Rabies in Cats: Symptoms, Diagnosis & Treatment

The thought of your cat developing rabies scares all pet owners. The virus is super contagious, putting you and others at risk of rabies infection.

The virus also puts your cat’s life in danger. Once symptoms set in, rabies is almost always fatal.

As a cat owner, you should be informed about the rabies virus. Many people don’t realize what exactly it is or how their pet can contract. They may also not be aware of the symptoms or diagnosis process.

Perhaps most importantly, not many pet owners know how to prevent rabies or what to do if their cat is bitten by a rabid animal.

That’s why we’re here to help. This article addresses all of these points and more. Read on to become a more informed cat owner and keep your feline friend safe!

How Does a Cat Contract Rabies?

Rabies in Cats | Innovet Pet

Rabies is a virus that impacts the nervous system. It can infect any mammal (humans, dogs, cats, etc.). Once symptoms set in, the disease is almost always fatal.

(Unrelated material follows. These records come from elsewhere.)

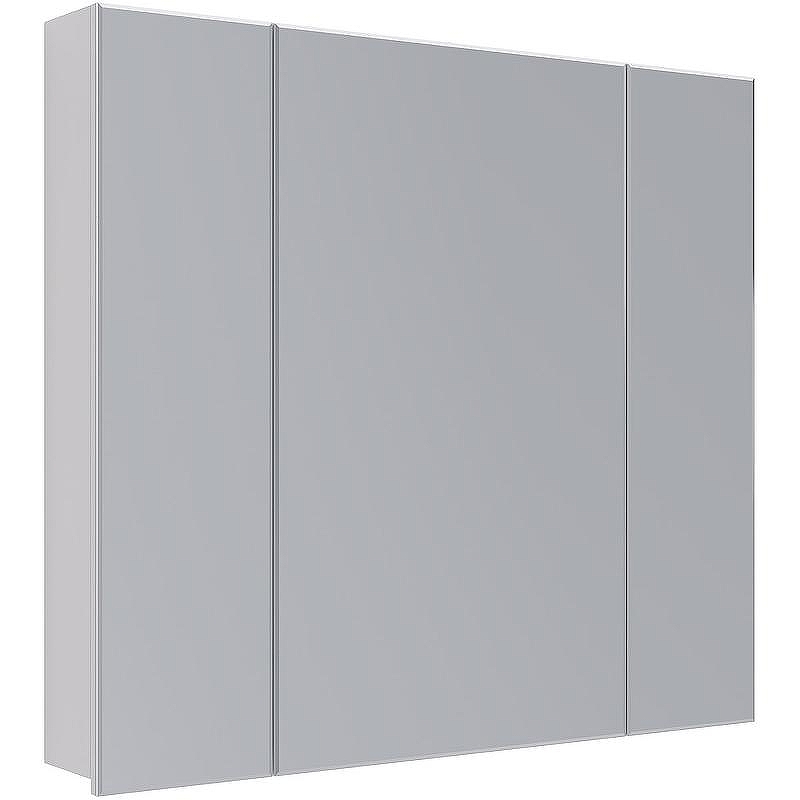 Зеркальный шкаф Lemark Universal 90 LM90ZS-U Белый глянец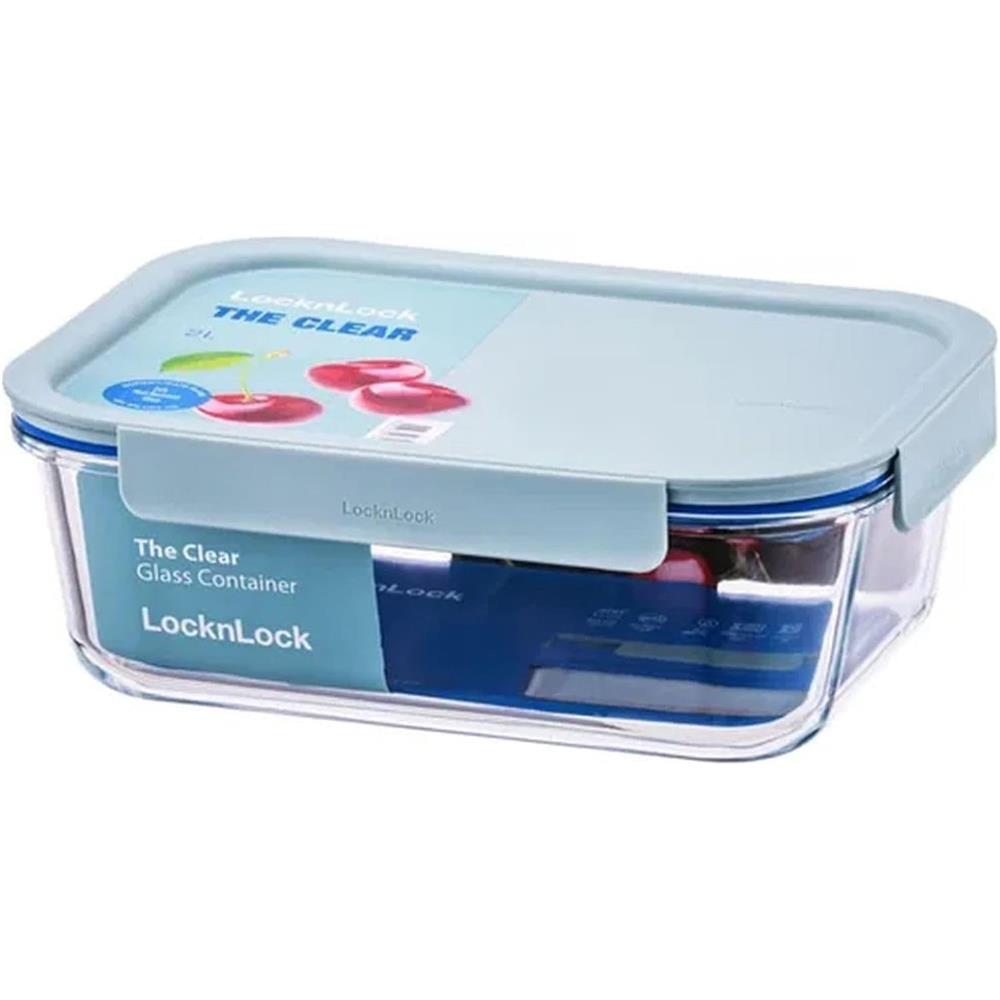 LocknLock OVEN GLASS Frischhaltedose 2 L, ofenfest bis 400 °C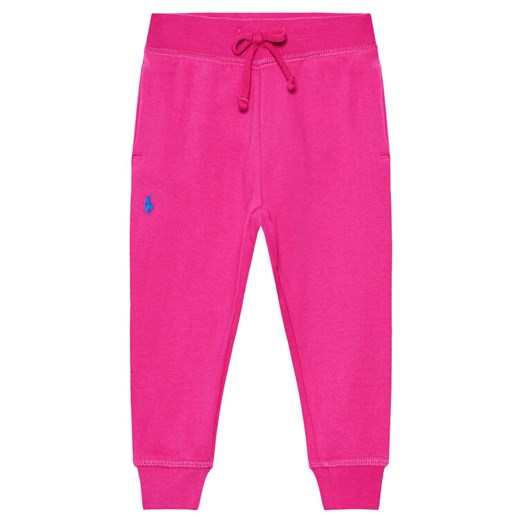 Spodnie dresowe Fleece 311833611001 Różowy Regular Fit Polo Ralph Lauren 2_2T okazja MODIVO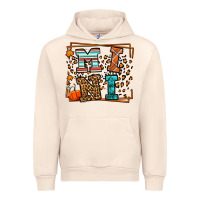 Sandshell Fall Autumn Leopard Mini Urban Hoodie - LillyAllenDesigns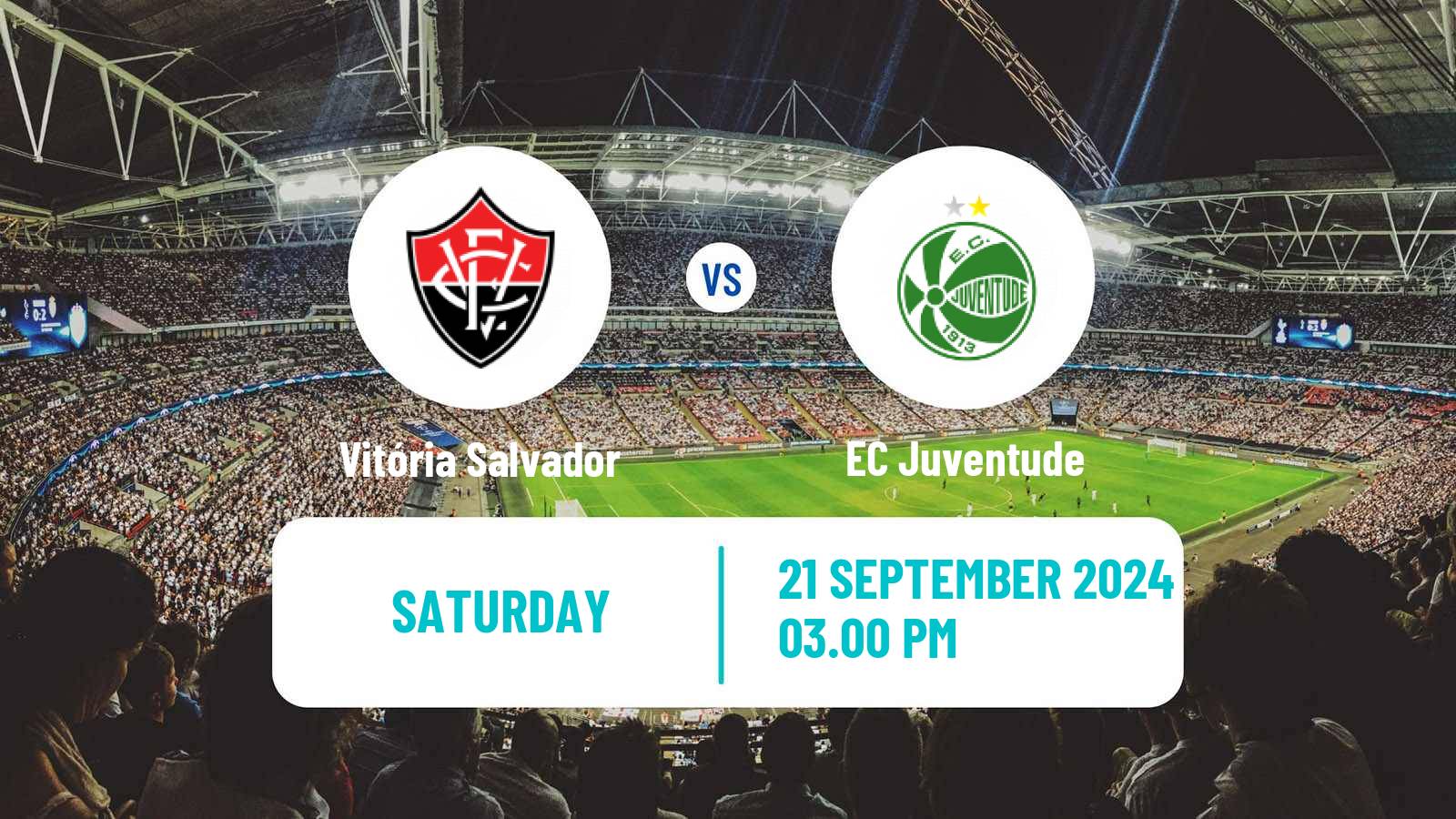 Soccer Brazilian Serie A Vitória Salvador - Juventude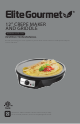 Elite Gourmet ECP-126 Instruction Manual
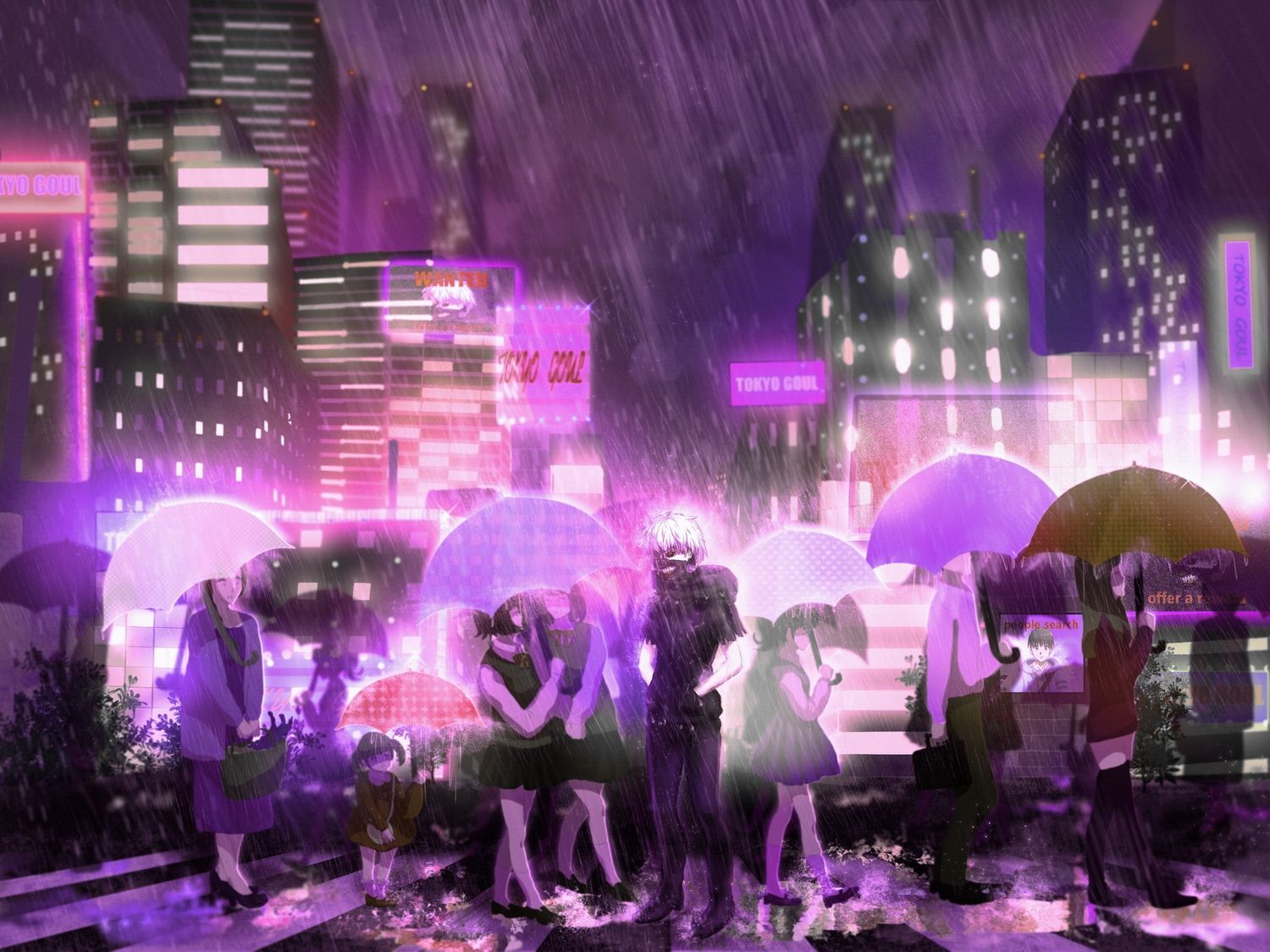 building city group kaneki ken male night polychromatic purple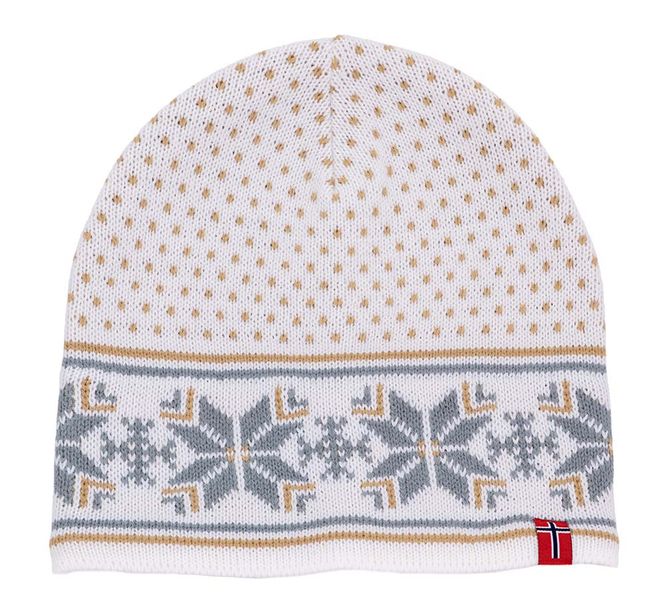 Hovedbilde Lue, hvit/grå/beige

The rabies virus is also highly contagious. Most commonly, an infected animal gives the virus to another creature, which could be your cat. The virus can also transmit if an animal’s mucous membranes or open wound comes into contact with an infected animal’s saliva.

Typically, cats contract rabies when they are exposed to wild animals. They may be bitten by foxes, skunks, raccoons, etc. They may also be bitten by stray animals that were not vaccinated.

What Are the Symptoms of Rabies in Cats?

When a rabid animal bites your pet, it will not show symptoms immediately. The typical incubation period (the time between the initial bite by a wild animal and the development of symptoms) is a few weeks to two months. However, it can be up to a year before the symptoms appear.

The length of incubation depends on factors, including:

  • How severe the wild animal bite was
  • How close the bite was to the brain and spinal cord

Once incubation is over, your pet shows symptoms throughout the following three stages:

Prodromal Stage

The prodromal stage occurs within the first 2 to 3 days of symptoms. During this stage, the animal experiences a sudden, severe change in personality. If it was previously outgoing, it might become timid. If it was previously shy, it might become energetic or agitated.

Other notable symptoms during the prodromal stage include:

  • Licking or pawing at the infection site
  • Change in voice caused by the larynx beginning to spasm

Furious Stage

The furious stage takes place during the next 1 to 7 days. is when a cat presents the biggest threat to others. The animal becomes increasingly aggressive and hyper-responsive to stimuli. It appears disoriented and may experience hallucinations. If enclosed, it will attack the bars of the cage.

During the furious stage, a cat may also show the following symptoms:

  • Dilated pupils
  • Alert posture
  • Loss of fear
  • Lack of muscle coordination
  • Seizures

Paralytic Stage

During this final stage, paralysis will set it. The cat will be unable to swallow because of a paralyzed larynx. This leads to the drooling and foaming at the mouth that we often associate with rabies. The muscles that control breathing will also become paralyzed, leading to death.

How Rabies in Cats is Diagnosed?

The direct fluorescent antibody test is the most effective method for diagnosing rabies. However, veterinarians can only do this test once the animal is dead.

Currently, there is no way for your cat to be rabies diagnosed accurately. One might argue that you can look for symptoms, but the problem with this is that:

  • Symptoms don’t occur in an animal exposed to rabies until well after they were bitten.
  • Once the symptoms present themselves, the disease is almost always fatal.
  • You may confuse symptoms as other signs of other diseases.